Task requirements → Leaving the pictures aside, repeat every line below exactly.

Given data →
────────────────────

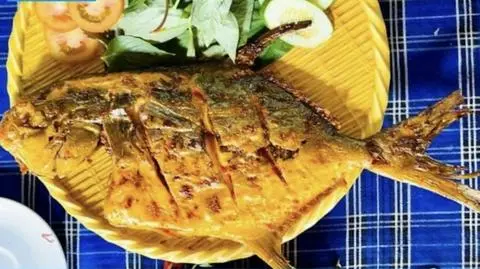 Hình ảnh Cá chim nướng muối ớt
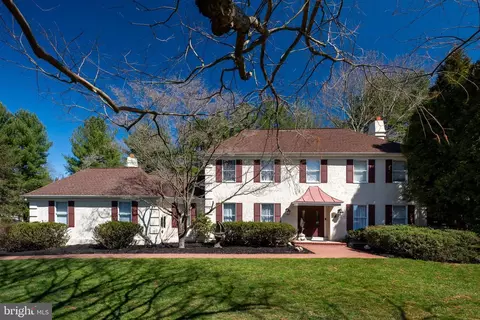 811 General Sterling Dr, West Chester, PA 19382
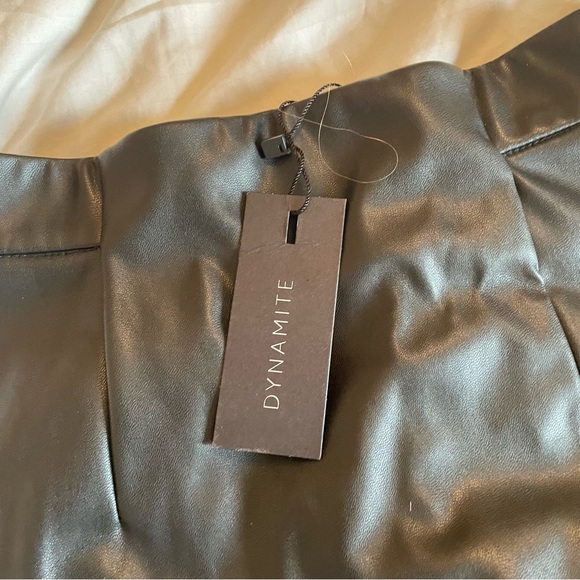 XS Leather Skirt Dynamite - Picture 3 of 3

────────────────────

Solved problem →
 Hình ảnh Cá chim nướng muối ớt
 811 General Sterling Dr, West Chester, PA 19382
 XS Leather Skirt Dynamite - Picture 3 of 3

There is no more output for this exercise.